This fellow was spotted hunting in the brackish stream behind our tent on the beach at Horgabost, late one evening. Isle of Harris, Western Isles.


This fellow was spotted hunting in the brackish stream behind our tent on the beach at Horgabost, late one evening. Isle of Harris, Western Isles.


The sands of Luskentyre, Harris, Western Isles. Enough said.




A few photos from a great weekend with friends on local waters. We paddled around the Isle of Purbeck from Wareham to Ringstead with two nights out camping under the full moon.
All good.


















The Pyranha Dart Fest event was enjoyable, and it was great to catch up with friends. Water levels in the rivers were very low due to the raw cold weather today, so (after a night of camping in -4 degrees C) we went walking. Standing on top of a granite tor amid flurries of snow, we realised that we could clearly see the Isle of Portland, a mere sixty miles away.
All good.






To my shame I still haven’t been near a sea kayak in the past month! Hopefully I will escape to the sea in a couple of weeks when the school term ends.
We haven’t been wasting our time, however; we’ve been planning the work and travel that we’ll need to do in 2009 for Savage Shores. The photo above was taken tonight on a new 600mm zoom lens I’ve acquired expressly for the purpose of photographing wildlife (seals, sea birds etc) for that book. Now I just need me something to point it at that’s alive and closer than 250000 miles away!
Other news … South West Sea Kayaking is selling well for Christmas, many thanks indeed to all who’ve shelled out for a copy! It’s now possible to get a detailed preview of the book, courtesy of Google. Also in print this month is an article I wrote about my big summer trip, where I’ve tried to convey some of the very real highs and lows of a long solo paddle. The article is published in the January issue of Canoe Kayak UK. I hope that it’s an enjoyable read.
This last weekend was the annual Adventure Paddler Weekend (APWE) down in Dartmoor. It’s a get-together of expedition whitewater paddlers with talks in the evening. This was the first year in a while that myself or one of my mates wasn’t doing a talk, so we were able to focus on the beer, with devastating and inadvisable results. The final photo of those below shows Heather looking rather pleased with herself. Not only had she completed her first ever running race that morning (the heinous looking Grim8 near Aldershot), somehow she arrived at the APWE and won the raffle for the expensive new helmet that she’s wearing.

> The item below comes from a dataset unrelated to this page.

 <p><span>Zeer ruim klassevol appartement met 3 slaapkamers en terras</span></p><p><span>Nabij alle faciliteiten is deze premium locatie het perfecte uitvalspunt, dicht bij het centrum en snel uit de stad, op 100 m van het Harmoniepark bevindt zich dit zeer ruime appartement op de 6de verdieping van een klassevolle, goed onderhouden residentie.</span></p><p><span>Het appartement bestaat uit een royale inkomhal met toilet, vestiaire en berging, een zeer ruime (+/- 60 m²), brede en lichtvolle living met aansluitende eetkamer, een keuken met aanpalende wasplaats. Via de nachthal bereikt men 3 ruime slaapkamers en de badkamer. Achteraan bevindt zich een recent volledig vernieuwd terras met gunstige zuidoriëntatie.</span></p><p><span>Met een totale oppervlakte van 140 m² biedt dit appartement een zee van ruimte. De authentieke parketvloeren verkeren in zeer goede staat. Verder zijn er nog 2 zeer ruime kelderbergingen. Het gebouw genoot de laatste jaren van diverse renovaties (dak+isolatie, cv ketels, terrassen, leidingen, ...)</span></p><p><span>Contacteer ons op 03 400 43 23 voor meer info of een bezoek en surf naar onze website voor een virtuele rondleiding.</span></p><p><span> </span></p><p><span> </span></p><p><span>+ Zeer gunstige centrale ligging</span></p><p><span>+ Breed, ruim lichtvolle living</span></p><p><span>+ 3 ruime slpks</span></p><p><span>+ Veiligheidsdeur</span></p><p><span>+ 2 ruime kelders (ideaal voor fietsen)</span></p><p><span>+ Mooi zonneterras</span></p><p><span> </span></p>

Last weekend the heavy autumn rains came, and so we gave up on sea kayaking for another winter; the white water season began! This weekend we assumed that we’d be off to the River Dart again, but the weather Gods are being rather capricious. Confusingly, they’ve now given us a bit more of the fantastic settled sunny weather that aided our recent unseasonable passage to Lundy. Today I communed with fairies and goblins in and around our village*, and tomorrow we’re off sea kayaking … again! I nipped out and took the moon photo twenty minutes ago, it was more fun than checking the almanac as a form of tidal planning. What could go wrong?
*We Dorset folk don’t get out much.





As a small boy, I heard Paul* and Linda wailing to the accompaniment of bagpipes and the Mull of Kintyre was permanently etched into my consciousness. I knew that the Mull was a real place somewhere up in Scotland, but in my imagination it was as remote and inaccessible as the dark side of the moon. I’d never been there and in the intervening three decades, still never have done.
The weekend after next, I launch from west Cumbria. It’s then a long crossing across the Solway Firth to Scotland, and then the next few days will see a series of shorter crossings heading west to the Mull of Galloway. I then have to cross the Firth of Clyde to the Mull of Kintyre itself; either in a series of hops via the isle of Ailsa Craig, or in one long hop right across. The Mull of Kintyre is the beginning of Scotland’s west coast, effectively my start line for the paddle to Cape Wrath; Britain’s most northwesterly point and my eventual target this summer.
I’ve been mentally rehearsing this plan for several years now. It requires perfect weather and will take me about a week in such conditions. But it blatantly isn’t going to happen, or certainly not as I’ve hoped. The wind has now blown hard for a month straight, and the odds of me getting the settled conditions I need are very unlikely indeed. Right now, the Mull of Kintyre seems as remote as the dark side of the moon.
*This was post-Beatles but pre-Ebony and Ivory, Frog Chorus and Heather Mills showdown, when Macca still had a scrap of dignity left.